Broken state programming

Posted on February 1, 2009, under general.

Cory Doctorow has shared some of his thoughts on how to write productively, and daily, in the modern age of distractions and interruptions. Cory was our keynote speaker at Apachecon San Diego, and he was kind enough to give myself and JM a great deal of advice and contacts when we met up with him, as well as some very cool business cards. He’s been friendly every since, too.

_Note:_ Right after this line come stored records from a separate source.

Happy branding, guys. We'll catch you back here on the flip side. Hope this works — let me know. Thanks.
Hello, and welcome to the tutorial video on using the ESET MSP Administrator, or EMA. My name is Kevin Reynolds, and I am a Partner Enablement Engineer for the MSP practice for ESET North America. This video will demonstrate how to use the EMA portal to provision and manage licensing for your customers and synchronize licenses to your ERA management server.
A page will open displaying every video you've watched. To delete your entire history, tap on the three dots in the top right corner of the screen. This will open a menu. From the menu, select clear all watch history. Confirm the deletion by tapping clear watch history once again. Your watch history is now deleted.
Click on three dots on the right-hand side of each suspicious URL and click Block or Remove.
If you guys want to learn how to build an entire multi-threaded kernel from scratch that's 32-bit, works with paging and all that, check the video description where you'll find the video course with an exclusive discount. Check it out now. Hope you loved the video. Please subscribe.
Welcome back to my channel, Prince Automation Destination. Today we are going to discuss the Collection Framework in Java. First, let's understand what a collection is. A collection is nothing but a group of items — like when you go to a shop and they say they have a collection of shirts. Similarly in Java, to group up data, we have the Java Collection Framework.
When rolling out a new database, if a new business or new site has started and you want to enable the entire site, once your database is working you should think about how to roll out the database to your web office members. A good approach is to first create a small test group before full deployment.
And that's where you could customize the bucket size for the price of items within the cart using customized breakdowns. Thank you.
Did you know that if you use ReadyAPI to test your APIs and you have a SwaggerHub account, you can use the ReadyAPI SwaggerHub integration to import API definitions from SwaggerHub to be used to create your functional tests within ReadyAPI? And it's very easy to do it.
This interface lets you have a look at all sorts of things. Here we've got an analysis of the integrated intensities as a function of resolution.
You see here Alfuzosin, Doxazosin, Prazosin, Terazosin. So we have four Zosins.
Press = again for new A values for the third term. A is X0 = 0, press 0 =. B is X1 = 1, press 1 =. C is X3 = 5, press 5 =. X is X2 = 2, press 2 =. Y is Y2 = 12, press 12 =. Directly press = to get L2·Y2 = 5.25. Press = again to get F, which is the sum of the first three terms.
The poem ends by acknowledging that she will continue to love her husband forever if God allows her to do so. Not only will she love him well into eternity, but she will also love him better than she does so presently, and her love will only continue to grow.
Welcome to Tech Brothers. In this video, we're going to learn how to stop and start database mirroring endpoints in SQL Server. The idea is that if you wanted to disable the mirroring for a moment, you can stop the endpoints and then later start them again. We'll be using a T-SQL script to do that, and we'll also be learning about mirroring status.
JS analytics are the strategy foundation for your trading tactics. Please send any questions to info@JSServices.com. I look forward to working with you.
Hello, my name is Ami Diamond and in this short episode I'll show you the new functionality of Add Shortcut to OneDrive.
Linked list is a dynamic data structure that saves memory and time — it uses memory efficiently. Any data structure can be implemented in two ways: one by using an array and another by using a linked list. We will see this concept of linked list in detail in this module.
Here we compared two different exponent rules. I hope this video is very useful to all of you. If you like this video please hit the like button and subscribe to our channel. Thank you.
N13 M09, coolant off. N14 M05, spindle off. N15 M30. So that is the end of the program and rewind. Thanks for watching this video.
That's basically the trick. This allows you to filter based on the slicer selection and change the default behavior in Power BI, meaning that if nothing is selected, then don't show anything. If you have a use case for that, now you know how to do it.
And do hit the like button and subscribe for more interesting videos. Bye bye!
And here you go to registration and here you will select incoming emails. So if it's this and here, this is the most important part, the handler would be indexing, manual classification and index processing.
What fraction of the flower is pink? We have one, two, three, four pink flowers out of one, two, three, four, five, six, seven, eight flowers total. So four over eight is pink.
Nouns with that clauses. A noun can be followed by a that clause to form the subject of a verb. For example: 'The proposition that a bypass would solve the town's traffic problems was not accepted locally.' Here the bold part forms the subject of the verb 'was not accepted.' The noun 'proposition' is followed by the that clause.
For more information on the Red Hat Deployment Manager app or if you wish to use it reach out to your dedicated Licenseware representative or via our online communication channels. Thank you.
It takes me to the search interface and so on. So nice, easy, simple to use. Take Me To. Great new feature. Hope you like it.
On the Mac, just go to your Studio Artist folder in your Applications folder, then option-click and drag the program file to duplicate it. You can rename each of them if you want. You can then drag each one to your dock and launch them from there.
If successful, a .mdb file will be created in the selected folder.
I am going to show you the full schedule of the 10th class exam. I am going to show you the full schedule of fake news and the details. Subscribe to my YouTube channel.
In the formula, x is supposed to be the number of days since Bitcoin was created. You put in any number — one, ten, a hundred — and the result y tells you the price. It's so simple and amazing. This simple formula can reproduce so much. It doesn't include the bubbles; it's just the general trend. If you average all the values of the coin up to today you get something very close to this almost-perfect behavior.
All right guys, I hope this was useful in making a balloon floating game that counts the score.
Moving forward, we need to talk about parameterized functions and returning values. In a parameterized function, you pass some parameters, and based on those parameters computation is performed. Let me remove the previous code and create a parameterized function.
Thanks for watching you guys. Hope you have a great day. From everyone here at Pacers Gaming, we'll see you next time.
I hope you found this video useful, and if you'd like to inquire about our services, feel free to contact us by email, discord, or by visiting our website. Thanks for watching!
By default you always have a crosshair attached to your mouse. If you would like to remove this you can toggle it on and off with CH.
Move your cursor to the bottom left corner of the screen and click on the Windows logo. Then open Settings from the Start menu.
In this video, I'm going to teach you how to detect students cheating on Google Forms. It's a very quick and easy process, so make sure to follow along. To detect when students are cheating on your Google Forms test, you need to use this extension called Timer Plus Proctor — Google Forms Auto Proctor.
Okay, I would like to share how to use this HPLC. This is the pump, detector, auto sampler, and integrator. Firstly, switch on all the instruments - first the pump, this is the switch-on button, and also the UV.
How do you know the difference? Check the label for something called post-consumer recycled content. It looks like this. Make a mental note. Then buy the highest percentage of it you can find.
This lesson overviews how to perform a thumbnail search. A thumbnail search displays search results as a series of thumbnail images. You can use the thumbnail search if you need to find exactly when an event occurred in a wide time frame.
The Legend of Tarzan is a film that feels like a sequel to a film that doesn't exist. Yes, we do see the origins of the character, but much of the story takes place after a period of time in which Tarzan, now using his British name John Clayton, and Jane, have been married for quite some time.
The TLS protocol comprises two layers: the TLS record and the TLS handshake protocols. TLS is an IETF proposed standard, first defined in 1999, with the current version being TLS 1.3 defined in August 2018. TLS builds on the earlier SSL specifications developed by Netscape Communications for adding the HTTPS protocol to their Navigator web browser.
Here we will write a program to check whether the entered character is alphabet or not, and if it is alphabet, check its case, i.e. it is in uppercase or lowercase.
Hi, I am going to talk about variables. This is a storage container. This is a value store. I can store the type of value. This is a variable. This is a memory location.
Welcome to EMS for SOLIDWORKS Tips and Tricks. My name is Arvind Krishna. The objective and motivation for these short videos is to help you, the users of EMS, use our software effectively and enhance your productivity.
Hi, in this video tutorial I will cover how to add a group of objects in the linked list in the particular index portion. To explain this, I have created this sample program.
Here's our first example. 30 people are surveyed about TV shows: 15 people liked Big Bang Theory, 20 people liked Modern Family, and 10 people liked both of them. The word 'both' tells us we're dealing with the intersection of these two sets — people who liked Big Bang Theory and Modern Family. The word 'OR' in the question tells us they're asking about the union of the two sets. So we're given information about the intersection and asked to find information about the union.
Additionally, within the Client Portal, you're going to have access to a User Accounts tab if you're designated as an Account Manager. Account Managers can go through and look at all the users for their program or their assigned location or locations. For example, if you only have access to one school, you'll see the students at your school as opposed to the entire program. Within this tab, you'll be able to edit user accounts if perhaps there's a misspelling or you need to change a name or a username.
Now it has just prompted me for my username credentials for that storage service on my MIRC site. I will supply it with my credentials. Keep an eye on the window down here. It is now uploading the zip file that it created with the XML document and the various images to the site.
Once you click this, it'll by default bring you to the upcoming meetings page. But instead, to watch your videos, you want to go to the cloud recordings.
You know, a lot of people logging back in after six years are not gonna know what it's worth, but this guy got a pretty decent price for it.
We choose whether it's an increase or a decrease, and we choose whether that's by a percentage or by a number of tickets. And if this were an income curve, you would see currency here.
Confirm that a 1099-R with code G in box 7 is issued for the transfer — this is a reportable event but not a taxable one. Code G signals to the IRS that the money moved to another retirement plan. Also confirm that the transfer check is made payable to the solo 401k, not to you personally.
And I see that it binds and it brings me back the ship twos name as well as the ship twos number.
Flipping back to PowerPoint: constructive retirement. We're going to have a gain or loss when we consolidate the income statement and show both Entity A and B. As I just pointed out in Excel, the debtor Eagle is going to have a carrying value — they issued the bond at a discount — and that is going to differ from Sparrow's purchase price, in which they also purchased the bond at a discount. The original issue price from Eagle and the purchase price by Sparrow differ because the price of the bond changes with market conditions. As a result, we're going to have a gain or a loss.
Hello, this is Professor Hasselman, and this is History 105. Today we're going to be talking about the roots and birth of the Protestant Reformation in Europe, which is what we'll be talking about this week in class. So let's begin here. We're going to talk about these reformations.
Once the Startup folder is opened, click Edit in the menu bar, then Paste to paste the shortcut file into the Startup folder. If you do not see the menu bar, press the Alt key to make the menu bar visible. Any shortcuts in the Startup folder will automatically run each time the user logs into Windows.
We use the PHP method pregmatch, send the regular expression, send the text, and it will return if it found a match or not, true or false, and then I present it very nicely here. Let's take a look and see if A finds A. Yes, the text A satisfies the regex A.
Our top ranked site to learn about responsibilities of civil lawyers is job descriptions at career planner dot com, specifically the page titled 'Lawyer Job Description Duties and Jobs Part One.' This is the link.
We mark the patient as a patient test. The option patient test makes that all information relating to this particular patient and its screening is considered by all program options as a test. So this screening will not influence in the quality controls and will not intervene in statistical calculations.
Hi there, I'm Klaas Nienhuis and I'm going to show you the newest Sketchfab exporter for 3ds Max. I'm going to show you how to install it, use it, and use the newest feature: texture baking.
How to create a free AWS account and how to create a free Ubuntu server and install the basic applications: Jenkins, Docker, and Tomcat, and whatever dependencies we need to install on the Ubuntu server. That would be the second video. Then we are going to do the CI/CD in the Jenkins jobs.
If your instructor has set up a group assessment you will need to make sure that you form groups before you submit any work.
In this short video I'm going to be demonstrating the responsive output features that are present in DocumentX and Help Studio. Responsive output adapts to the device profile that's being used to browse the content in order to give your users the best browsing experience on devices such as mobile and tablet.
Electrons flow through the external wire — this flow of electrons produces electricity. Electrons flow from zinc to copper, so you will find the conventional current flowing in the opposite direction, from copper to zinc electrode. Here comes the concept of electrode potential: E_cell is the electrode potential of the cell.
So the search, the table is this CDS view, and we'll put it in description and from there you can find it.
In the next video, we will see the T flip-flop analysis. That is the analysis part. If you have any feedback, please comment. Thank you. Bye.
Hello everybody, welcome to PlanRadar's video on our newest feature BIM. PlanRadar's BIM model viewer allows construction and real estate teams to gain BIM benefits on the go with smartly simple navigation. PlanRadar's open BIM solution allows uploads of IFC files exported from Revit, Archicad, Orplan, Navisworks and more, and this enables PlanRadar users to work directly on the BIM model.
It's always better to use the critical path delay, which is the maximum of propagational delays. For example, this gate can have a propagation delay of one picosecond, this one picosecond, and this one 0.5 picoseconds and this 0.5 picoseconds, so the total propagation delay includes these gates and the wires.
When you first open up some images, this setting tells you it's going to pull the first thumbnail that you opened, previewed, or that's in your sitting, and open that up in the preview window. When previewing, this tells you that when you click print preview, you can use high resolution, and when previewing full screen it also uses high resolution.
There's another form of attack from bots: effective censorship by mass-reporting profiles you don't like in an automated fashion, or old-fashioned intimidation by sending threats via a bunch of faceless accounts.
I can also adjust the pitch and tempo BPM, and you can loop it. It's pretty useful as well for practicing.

But what struck me most about Cory, apart from his friendliness and generosity was that he appeared to have an attention-span that’s divided into micro-slices, with a cosmic ability to schedule between them. That’s a compliment, he was doing many things at once, and still giving each more coverage than should be reasonable, and certainly wasn’t ignoring anyone. “Wow, how does this guy write so much?” must occur to a lot of people that meet Cory.

A few months later when Suw Charman, who shared an office with Cory, came over to visit, she seemed all the more awed by Cory’s productivity for the proximity. But after reading his essay, I think one of this tricks is key, and through coincidence or common influence I’ve been using that same trick to avoid programming stalls.

Procrastination and Paranoia.

I don’t quite know how, but over the last few years I seem to have become a professional software developer. I certainly don’t mind, I quite like programming, and enjoy making things go fast. But nobody ever sat me down and taught me what it is to be a programmer. I’ve read plenty, but opinions differ, and there are many common memes that don’t suit.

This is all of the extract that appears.